Recently, a study titled “Impacts of Plastic Pollution on Freshwater Aquatic, Terrestrial and Avian Migratory Species in the Asia and Pacific Region” was conducted by CMS (Convention on the Conservation of Migratory Species of Wild Animals) secretariat.
The study looked at species in the Ganga and Mekong basins that together contributed an estimated 200,000 tonnes of plastic pollution to the Indian Ocean and the Pacific Ocean every year.
Findings of the study
- Both Ganges and Irrawaddy dolphin species faced threats due to entanglement in plastic waste such as fishing nets and lines. This could prevent them from coming up to the surface to breathe and thus, drown them.
- The dugong or sea cow also faced threats of entanglement in plastic gear as well as ingestion of plastic.
- Migratory birds such as the Black-faced Spoonbill and the Osprey had been observed making nests out of plastics, using fishing lines and shipping debris, often resulting in the entanglement of their chicks.
- Terrestrial and avian species in addition to freshwater ones had been reported getting entangled in discarded fishing gear as well as kite strings in the Mekong basin.

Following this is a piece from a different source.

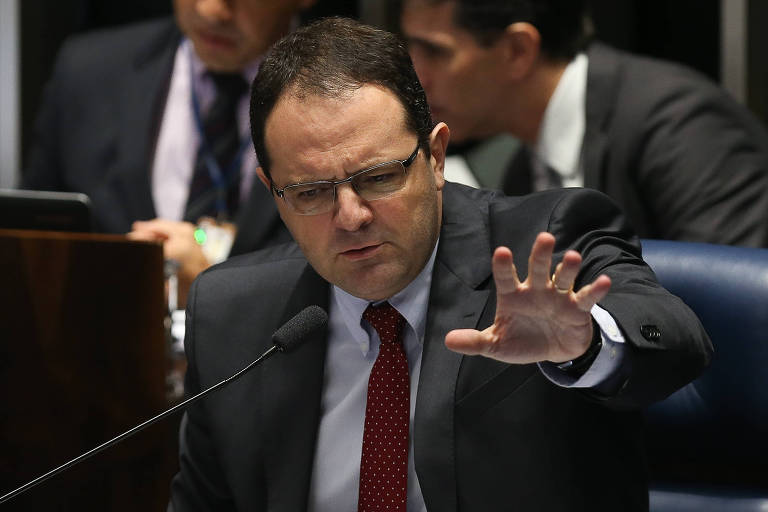 Ex-ministro da Economia Nelson Barbosa fala em sessão do Senado Federal que julgou impeachment de Dilma Rousseff devido às chamadas pedaladas fiscais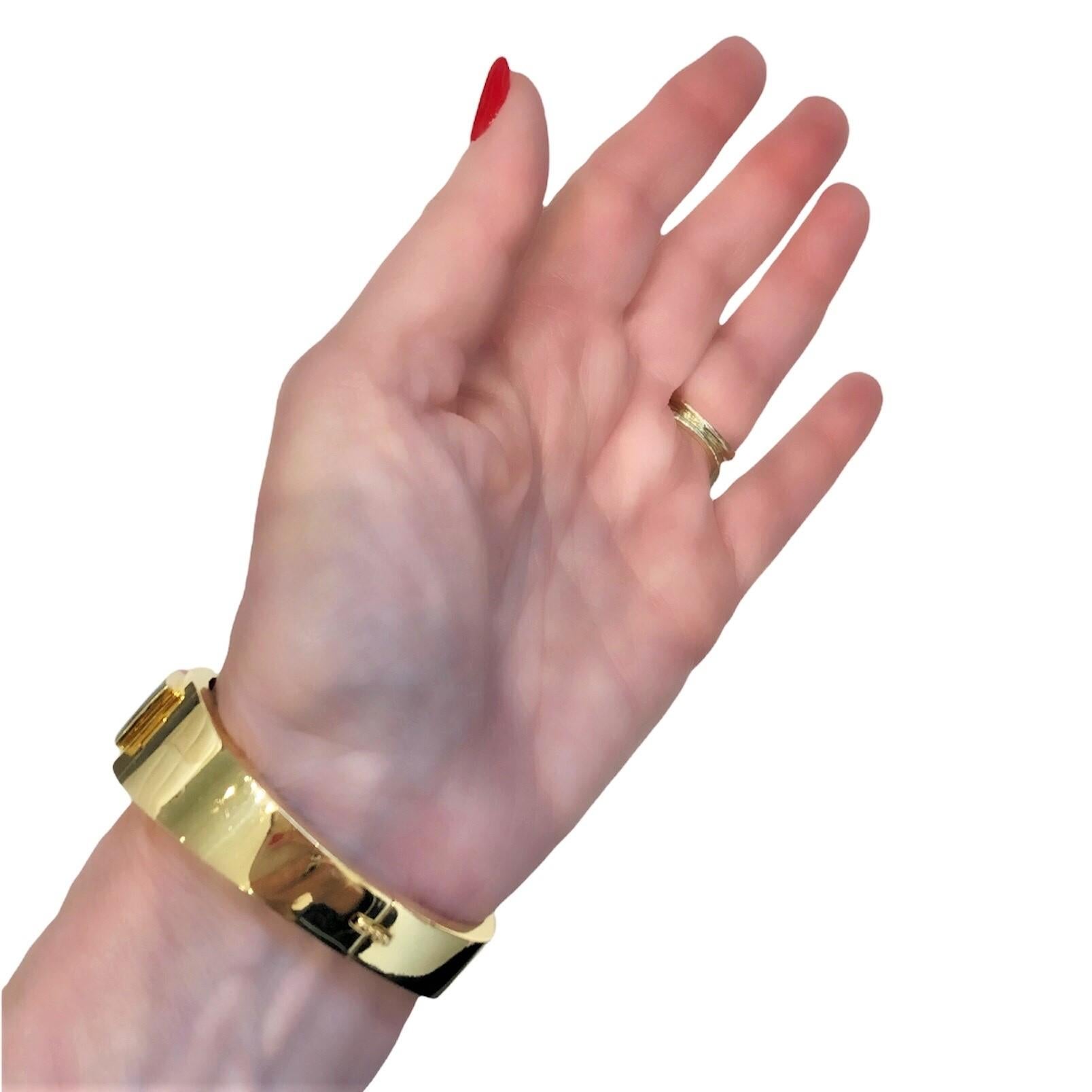Striking Italian 18K Yellow Gold, Diamond, Onyx and Vivid Coral Bangle Bracelet For Sale 9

- Protected under CMS since the 13th Conference of the Parties in 2020, the Asian Elephant has been observed scavenging on rubbish dumps in Sri Lanka and ingesting plastic in Thailand.
- The study highlighted that the problem of plastic pollution is only going to get worse. Some 53 million tonnes of plastic could enter aquatic systems annually by 2030, which could eventually increase to 90 million tonnes.
The report calls for
- More effective waste management
- Design of products
- Preventing plastic pollution at the source.
It also cites the need for increased research efforts to understand the negative effects of plastic pollution on organisms and ecosystems, particularly on terrestrial species that have been poorly studied.